**What is expected:** Copy the records below exactly, from the line containing "පර්චස් 10ක අලුතෙන්ම" through the last line, and leave out every picture.

■ ■ ■ ■ ■

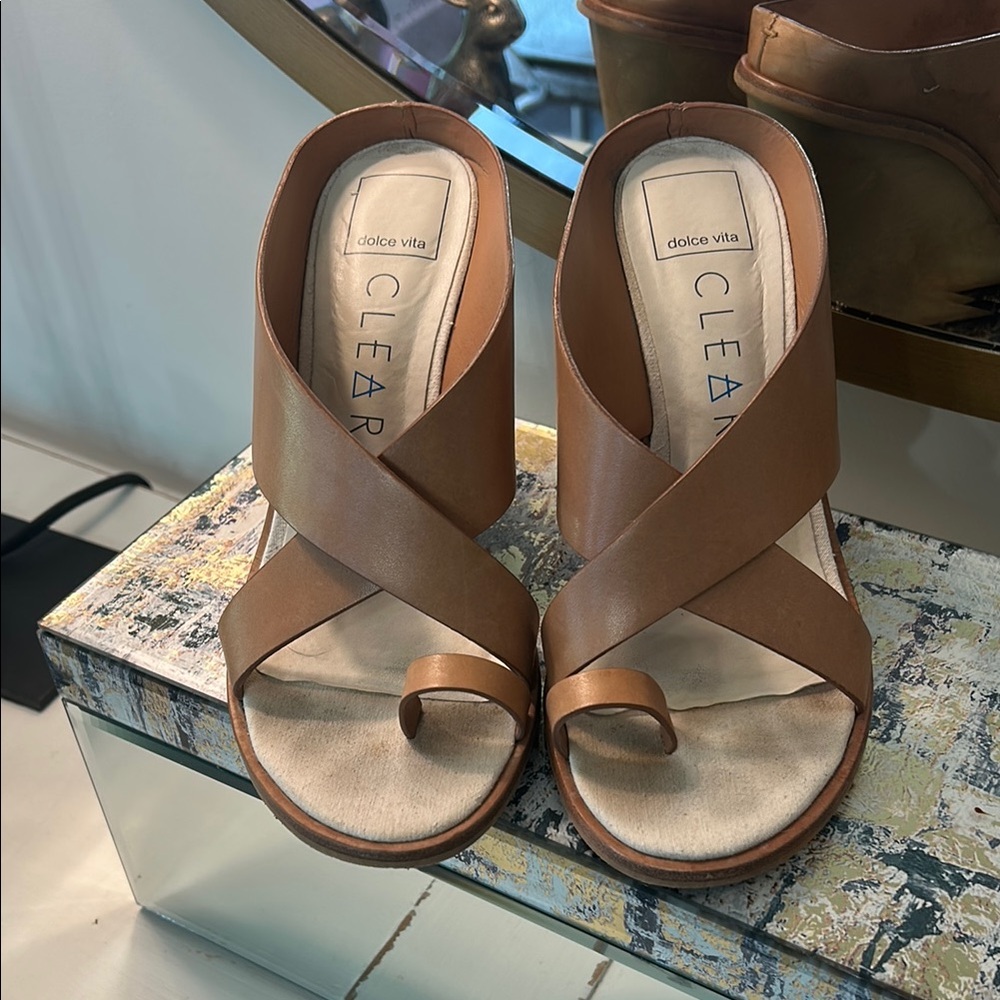 Dolce Vita Tan Sandals with Minimalist Design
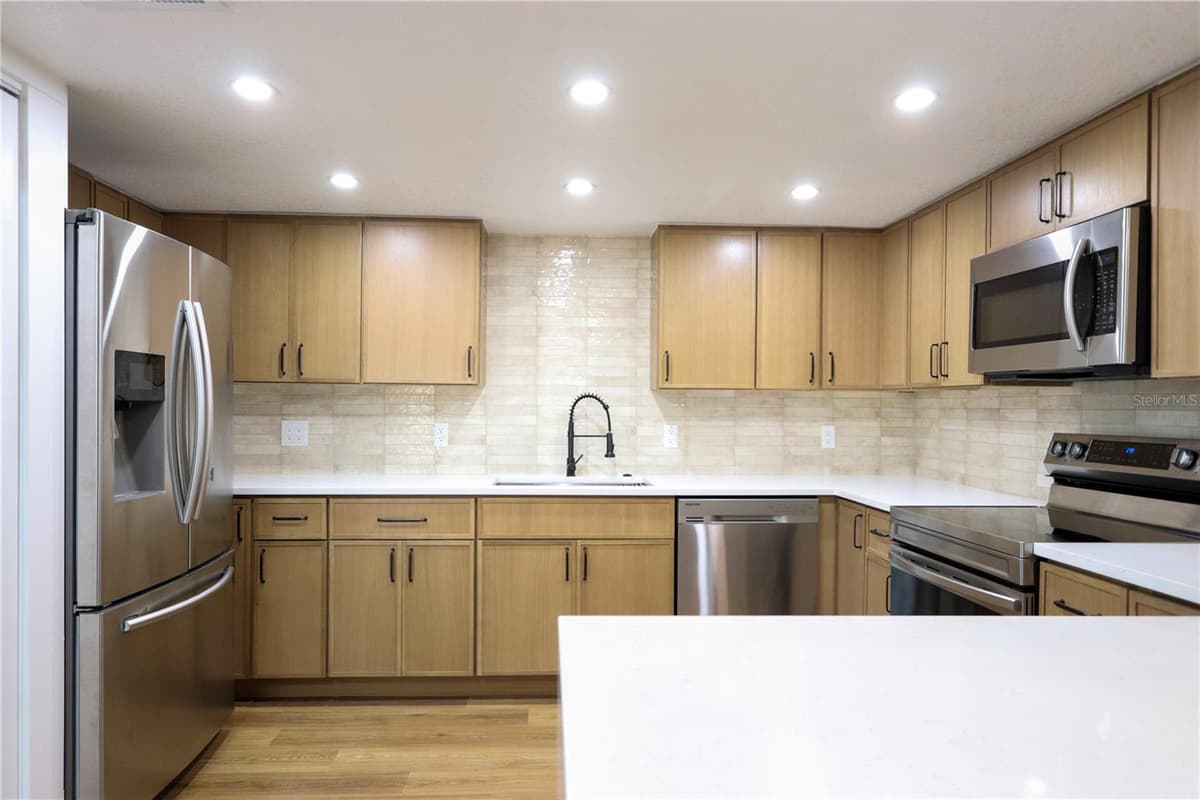 812 PARK LAKE CIRCLE — photo 21 of 56
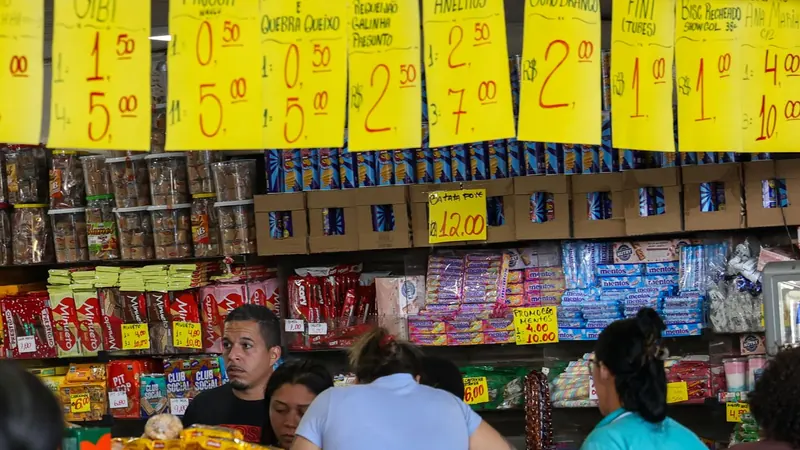 Governo planeja crédito para empresas com fim da escala 6x1, diz Durigan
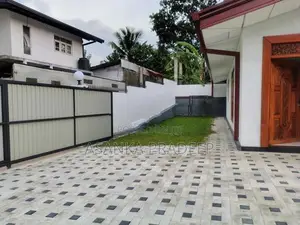 පර්චස් 10ක අලුතෙන්ම ඉදිකරන වටිනා තනිමහල් නිවස විකිනීමට(0997 to o9l)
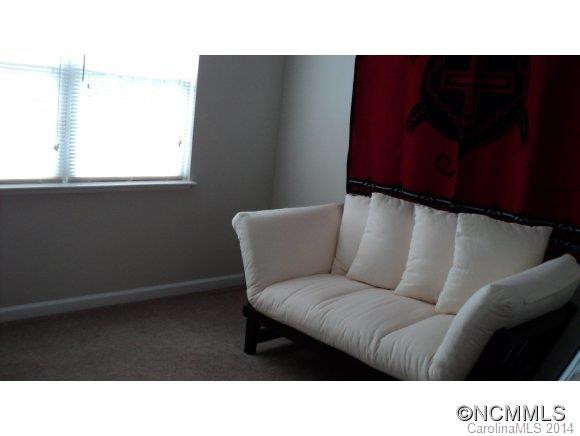 99 Sunny Meadows Boulevard - Photo 15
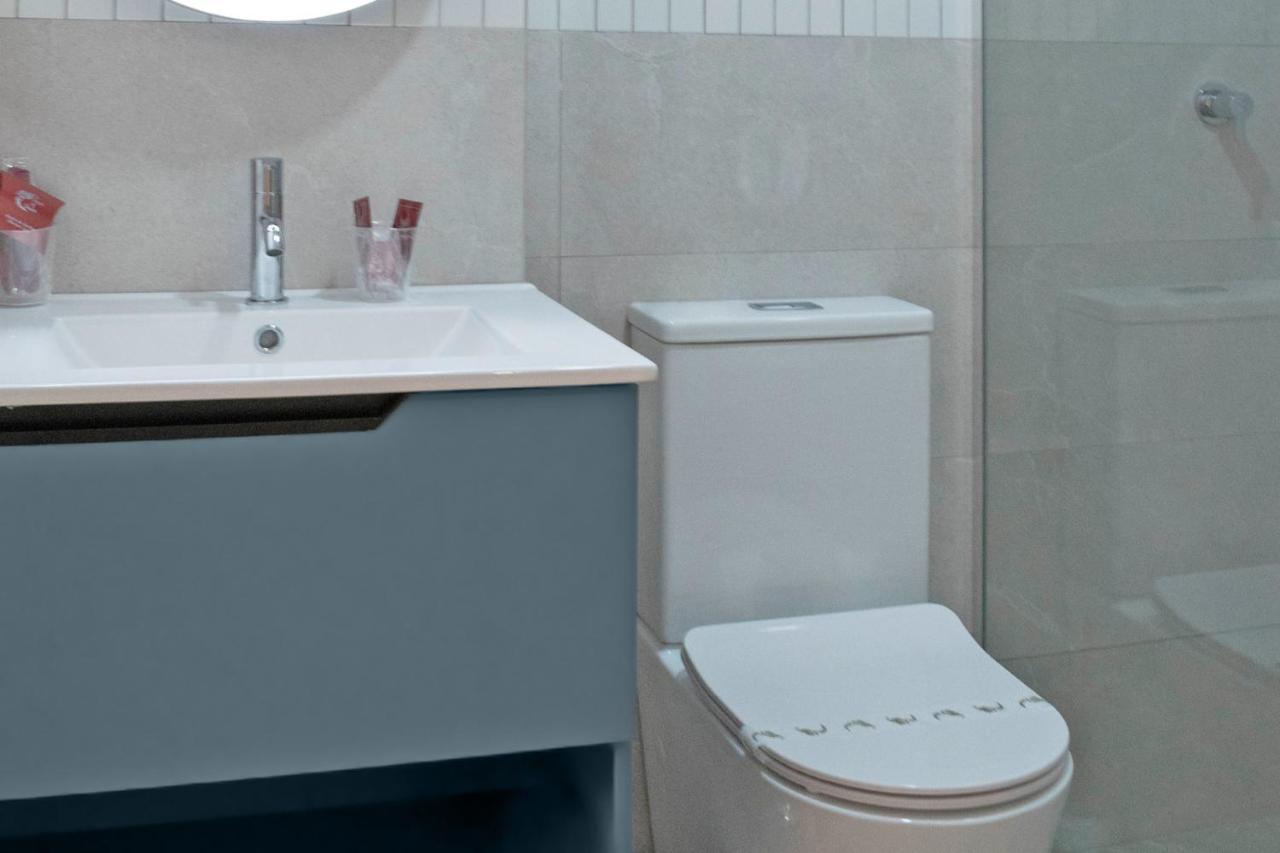 Rio Salado Conil Hostal Кониль-де-ла-Фронтера Экстерьер фото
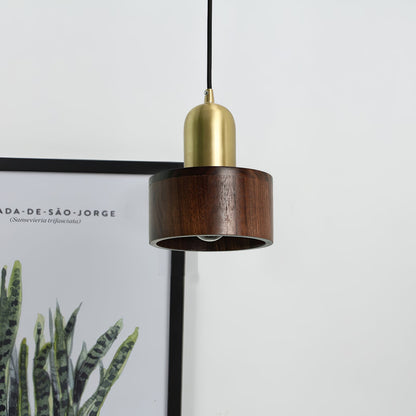 مصباح معلق من Composer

■ ■ ■ ■ ■

**Written reply:**
 පර්චස් 10ක අලුතෙන්ම ඉදිකරන වටිනා තනිමහල් නිවස විකිනීමට(0997 to o9l)
 99 Sunny Meadows Boulevard - Photo 15
 Rio Salado Conil Hostal Кониль-де-ла-Фронтера Экстерьер фото
 مصباح معلق من Composer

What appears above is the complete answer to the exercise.